(Beginning of THE RECORDS)
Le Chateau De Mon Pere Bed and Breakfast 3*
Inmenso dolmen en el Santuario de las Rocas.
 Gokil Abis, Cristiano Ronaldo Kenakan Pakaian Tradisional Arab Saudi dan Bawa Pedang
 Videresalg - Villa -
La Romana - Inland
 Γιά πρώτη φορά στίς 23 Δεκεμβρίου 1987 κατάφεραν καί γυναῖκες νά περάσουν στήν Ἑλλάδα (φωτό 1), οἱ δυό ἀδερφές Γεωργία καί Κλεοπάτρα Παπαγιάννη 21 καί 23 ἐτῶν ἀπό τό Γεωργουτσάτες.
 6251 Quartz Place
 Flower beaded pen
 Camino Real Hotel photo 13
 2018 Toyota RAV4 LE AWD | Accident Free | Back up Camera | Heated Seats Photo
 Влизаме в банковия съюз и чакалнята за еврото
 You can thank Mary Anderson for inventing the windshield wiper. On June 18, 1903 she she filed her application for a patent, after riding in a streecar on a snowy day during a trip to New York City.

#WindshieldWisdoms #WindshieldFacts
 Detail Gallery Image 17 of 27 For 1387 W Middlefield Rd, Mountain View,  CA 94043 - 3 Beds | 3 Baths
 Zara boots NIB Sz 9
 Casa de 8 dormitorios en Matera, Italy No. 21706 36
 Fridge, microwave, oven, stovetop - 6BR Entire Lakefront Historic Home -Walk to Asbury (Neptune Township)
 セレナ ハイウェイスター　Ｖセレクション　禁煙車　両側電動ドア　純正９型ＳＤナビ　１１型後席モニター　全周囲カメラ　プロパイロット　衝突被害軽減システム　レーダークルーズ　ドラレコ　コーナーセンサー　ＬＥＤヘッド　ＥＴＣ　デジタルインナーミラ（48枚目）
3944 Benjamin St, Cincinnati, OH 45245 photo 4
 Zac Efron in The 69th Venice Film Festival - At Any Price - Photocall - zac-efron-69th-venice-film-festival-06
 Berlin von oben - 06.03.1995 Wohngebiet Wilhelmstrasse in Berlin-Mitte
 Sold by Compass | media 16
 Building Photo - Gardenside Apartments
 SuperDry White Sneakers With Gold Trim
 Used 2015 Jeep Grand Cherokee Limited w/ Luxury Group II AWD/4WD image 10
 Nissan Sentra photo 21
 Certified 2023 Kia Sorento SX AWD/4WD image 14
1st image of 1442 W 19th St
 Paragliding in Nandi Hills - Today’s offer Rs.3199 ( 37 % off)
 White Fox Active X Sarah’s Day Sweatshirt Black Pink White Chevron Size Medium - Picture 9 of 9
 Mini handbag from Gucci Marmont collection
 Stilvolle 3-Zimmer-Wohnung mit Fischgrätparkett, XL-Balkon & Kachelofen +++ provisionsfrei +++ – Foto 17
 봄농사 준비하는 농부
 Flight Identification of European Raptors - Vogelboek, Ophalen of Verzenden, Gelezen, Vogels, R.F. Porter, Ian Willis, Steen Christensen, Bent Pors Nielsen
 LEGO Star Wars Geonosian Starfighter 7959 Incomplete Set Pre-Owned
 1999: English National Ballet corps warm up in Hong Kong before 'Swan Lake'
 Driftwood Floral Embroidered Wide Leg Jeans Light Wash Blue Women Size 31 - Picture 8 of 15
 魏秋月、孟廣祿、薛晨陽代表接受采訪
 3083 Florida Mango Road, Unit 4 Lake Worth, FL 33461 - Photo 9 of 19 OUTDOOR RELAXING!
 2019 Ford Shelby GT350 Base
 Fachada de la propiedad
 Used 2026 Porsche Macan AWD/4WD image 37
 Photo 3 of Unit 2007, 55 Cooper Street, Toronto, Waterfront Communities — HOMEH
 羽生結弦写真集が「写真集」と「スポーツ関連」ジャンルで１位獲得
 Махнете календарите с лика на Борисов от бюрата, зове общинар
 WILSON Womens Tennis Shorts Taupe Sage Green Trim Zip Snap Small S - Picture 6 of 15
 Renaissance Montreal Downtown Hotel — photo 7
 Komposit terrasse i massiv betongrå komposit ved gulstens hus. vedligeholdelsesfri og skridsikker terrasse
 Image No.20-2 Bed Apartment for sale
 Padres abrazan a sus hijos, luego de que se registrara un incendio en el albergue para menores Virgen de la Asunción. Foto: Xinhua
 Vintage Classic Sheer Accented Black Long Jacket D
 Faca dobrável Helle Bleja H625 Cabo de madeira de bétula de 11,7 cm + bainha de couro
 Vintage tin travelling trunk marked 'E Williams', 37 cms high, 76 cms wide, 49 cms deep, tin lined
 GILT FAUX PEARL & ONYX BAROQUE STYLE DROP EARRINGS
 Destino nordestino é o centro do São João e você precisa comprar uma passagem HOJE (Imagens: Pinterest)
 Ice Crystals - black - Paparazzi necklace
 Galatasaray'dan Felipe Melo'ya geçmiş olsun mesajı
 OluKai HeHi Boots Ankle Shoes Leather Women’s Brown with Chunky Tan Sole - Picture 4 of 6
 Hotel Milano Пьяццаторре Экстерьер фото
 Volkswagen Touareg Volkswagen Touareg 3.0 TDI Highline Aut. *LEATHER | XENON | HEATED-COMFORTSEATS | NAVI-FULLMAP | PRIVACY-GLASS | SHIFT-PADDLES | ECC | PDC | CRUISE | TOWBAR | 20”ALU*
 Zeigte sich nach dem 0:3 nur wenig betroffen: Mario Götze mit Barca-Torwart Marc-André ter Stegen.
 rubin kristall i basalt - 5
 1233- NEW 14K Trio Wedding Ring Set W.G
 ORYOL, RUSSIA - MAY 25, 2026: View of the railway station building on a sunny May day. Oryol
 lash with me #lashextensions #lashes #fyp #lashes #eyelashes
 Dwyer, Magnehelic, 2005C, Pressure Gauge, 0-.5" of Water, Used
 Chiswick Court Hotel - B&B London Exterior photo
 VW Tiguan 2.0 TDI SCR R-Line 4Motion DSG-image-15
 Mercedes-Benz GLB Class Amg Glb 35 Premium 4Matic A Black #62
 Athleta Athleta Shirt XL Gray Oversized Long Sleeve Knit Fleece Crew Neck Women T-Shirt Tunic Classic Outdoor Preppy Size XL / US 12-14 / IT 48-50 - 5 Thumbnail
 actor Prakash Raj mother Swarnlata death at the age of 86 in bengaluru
(End of THE RECORDS)
» **PROBLEM TO WORK ON**: Collect every line above that contains the word "Classic".

» **SOLUTION TO THE EXERCISE**:
 Vintage Classic Sheer Accented Black Long Jacket D
 Athleta Athleta Shirt XL Gray Oversized Long Sleeve Knit Fleece Crew Neck Women T-Shirt Tunic Classic Outdoor Preppy Size XL / US 12-14 / IT 48-50 - 5 Thumbnail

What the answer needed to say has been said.